The two statements, 11 weeks apart, are extravagantly dissonant. The first is typical of the woman the world thought it knew. The second sounds as though it had wandered in from some 1950s existentialist drama. Together they suggest a startling portrait in self-contradiction–that one of the great human icons of the past 100 years, whose remarkable deeds seemed inextricably connected to her closeness to God and who was routinely observed in silent and seemingly peaceful prayer by her associates as well as the television camera, was living out a very different spiritual reality privately, an arid landscape from which the deity had disappeared.
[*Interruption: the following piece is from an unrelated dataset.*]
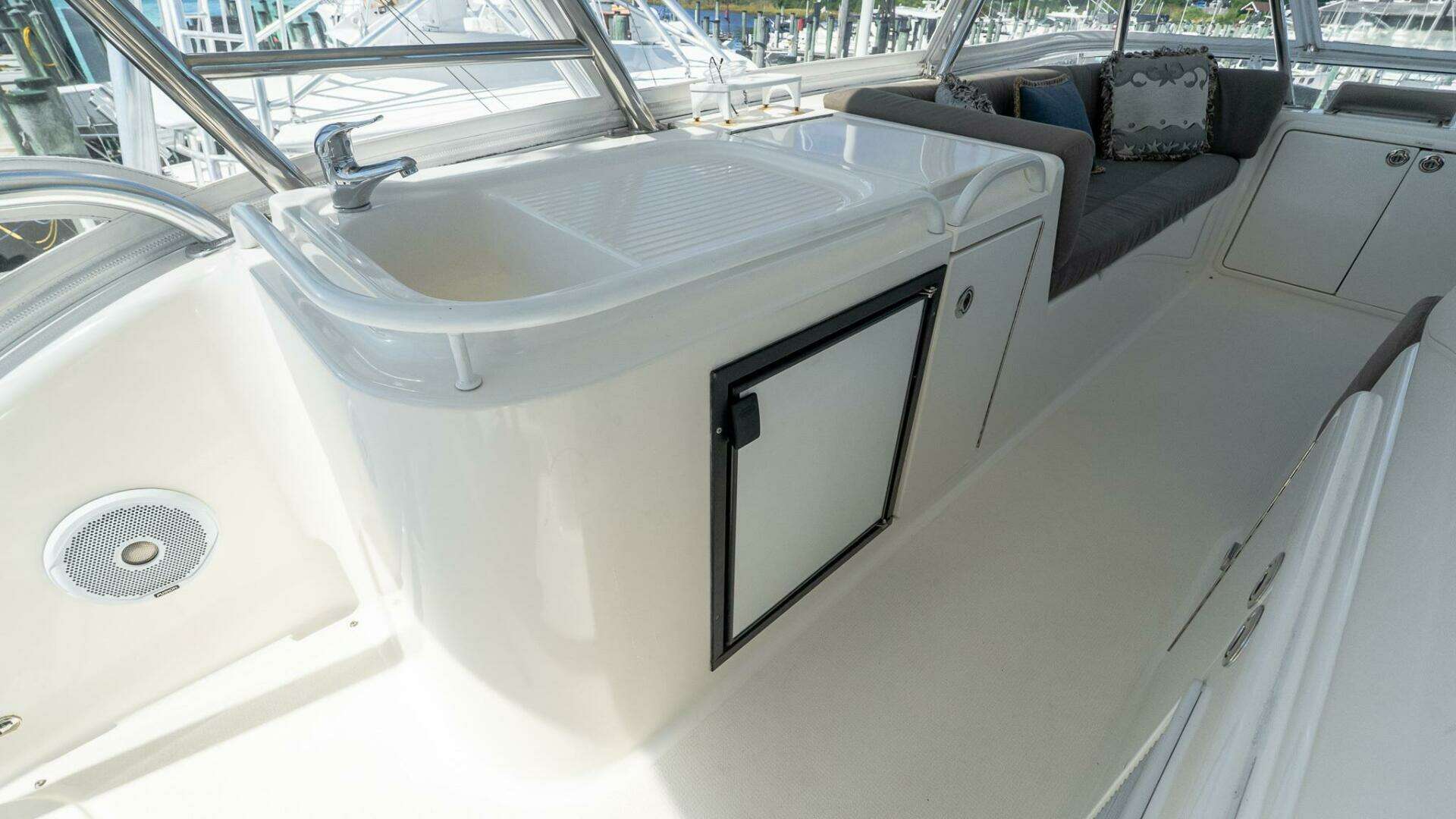 2005 Riviera 51 Flybridge - Image 17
That is from Mother Teresa’s Crisis of Faith by David Van Biema, who was then religion editor of Time. It was written shortly after her death, and it is jarring and almost quaint to recognise that this was the period when the New Atheists were in ascendance and claimed to seep the field before them. The new atheists have been sweeping the field before them for centuries, haven't they? Van Biema mentions them and gives them a try at the podium, then returns to quoting the writings of the Saint of the Gutters. Her words are as solid as bricks beneath the feet.
My dark night is bright as noon compared to her experience, yet still I have a recognition.
1 comment:
Since he wrote both the poem and the commentary, I figure he knew what he was writing about, but he seemed to be drawing an awful lot out of the poem. Which didn't resonate with me either.